Huffpost Tunisie mg

Coup d'envoi de la plénière consacrée à la Loi de Finances 2017 - Youssef Chahed: "Pas d'augmentation salariale sans développement!"

Publication: Mis à jour:
YOUSSEF CHAHED
Zoubeir Souissi / Reuters
Imprimer

Quelques minutes avant le démarrage de la séance plénière consacrée à la discussion du projet de la loi des Finances de 2017 à l’Assemblée des représentants du peuple (ARP), la ministre des Finances, Lamia Zribi, a déclaré que des représentants du gouvernement continuent de négocier avec l’Union générale tunisienne du travail (UGTT) afin de faire appliquer le report des augmentations salariales. Sans ce report, toujours le ministre, l’Etat tunisien sera incapable de trouver les ressources suffisantes pour boucler son budget. Cette somme a été estimée par la ministre à 15 milliard de dinars.

Dans son allocution d’inauguration de la séance, le chef du gouvernement, Youssef Chahed, a insisté sur l’importance des réformes relatives à tous les secteurs.

Revenant sur le bilan de son équipe au bout de quatre-vingt-quatre jours de travail, Youssef Chahed a annoncé que l’Etat a réussi à récupérer huit mille hectares de ses terres, à confisquer des produits de contrebande dont, la somme s’élève à cent-vingt million de dinars et à débloquer la situation au port de Rades. Le chef du gouvernement a assuré que tous les gouverneurs ont reçu des consignes pour qu’ils appliquent la loi avec tous ceux qui osent la violer et ce indépendamment de leur appartenance sociale ou partisane.
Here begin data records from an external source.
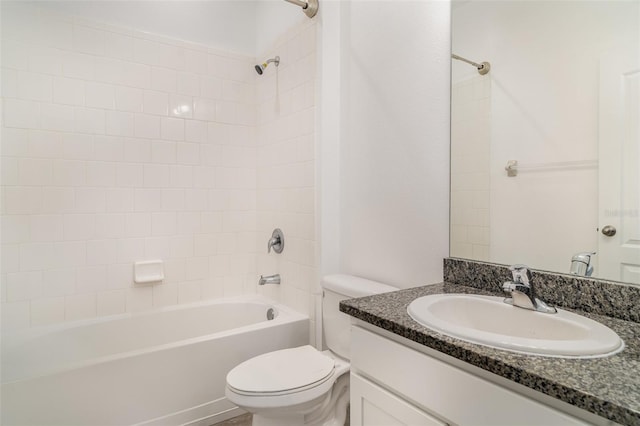 7308 Hermes Ct, Apollo Beach, FL 33572 - bathroom with vanity, toilet, and shower / tub combination
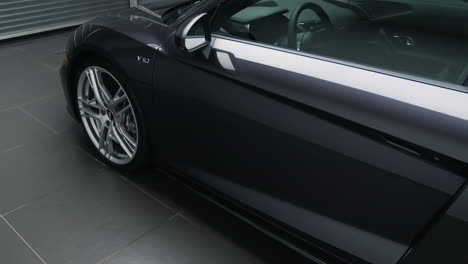 sleek black audi r8 coupe
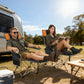 Set of 2 Reclining Camping Chair with Foot Rest, Folding Camping Chair w/ Headrest, Cup Holder, Storage Bag, Orange - Orange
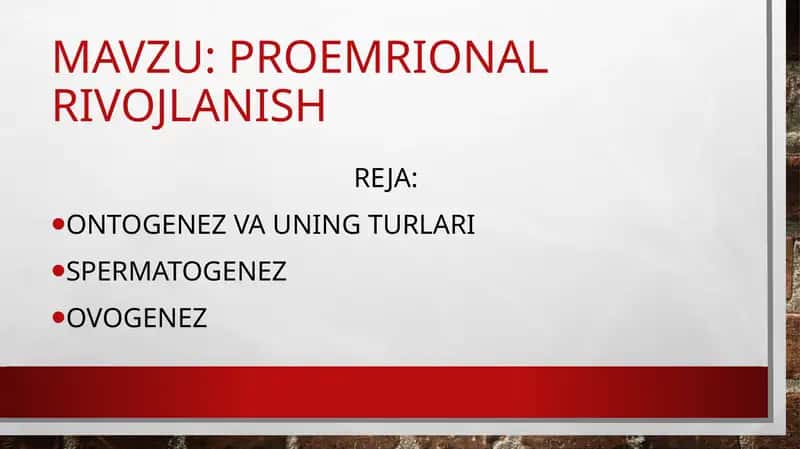 Proemrional rivojlanish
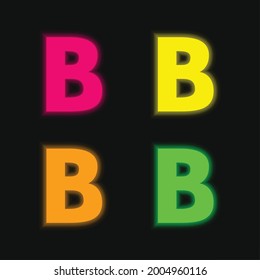 Bold four color glowing neon vector icon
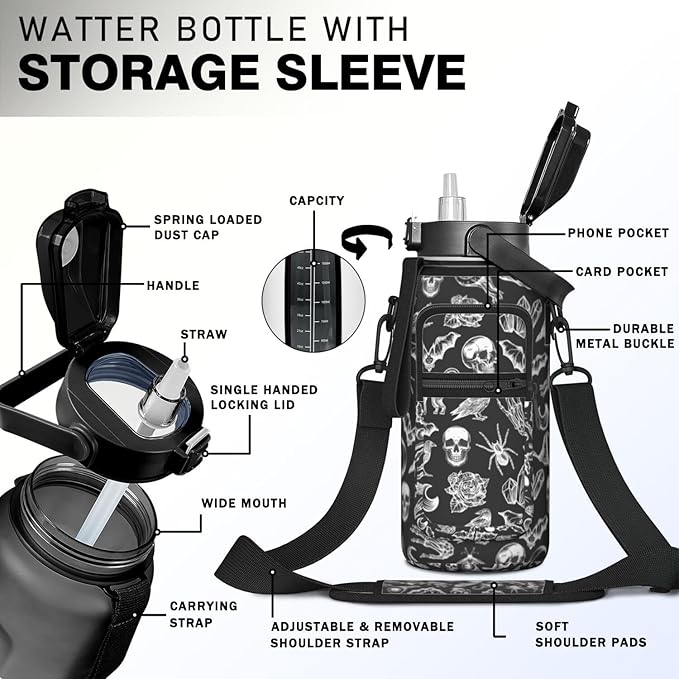 Goth Half Gallon Water Bottle with Sleeve -Flip Top Bpa Free 64 OZ - Motivational Time Marker Leakproof Water Jug - Goth Gifts for Women - Halloween Witchy Gothic for Gifts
En ce qui concerne le projet de loi, Youssef Chahed a assuré qu’il continent trois grands messages: le début de la remise en forme des Finances publiques, l’instauration d’une justice fiscale et la lutte contre l’évasion fiscale pour les métiers libéraux.

En ce qui concerne le bras de fer avec l’UGTT – qui n’accepte pas le report des augmentations salariales pour le secteur public – Youssef Chahed a expliqué que ces mêmes augmentations ne peuvent pas avoir lieu en l’absence du développement. Et d’ajouter que le taux d’endettement de la Tunisie a atteint des degrés alarmants ce qui oblige la loi de Finances à imposer des mesures courageuses qui répartie les sacrifices sur tous les Tunisiens.

Avant de passer la parole aux députés, le président du Parlement, Mohamed Ennaceur, a appelé toutes les parties prenantes à dépasser les intérêts présents et à aller directement au vif du sujet et ce afin que la Tunisie puisse sortir le plutôt possible de la crise qu’elle traverse.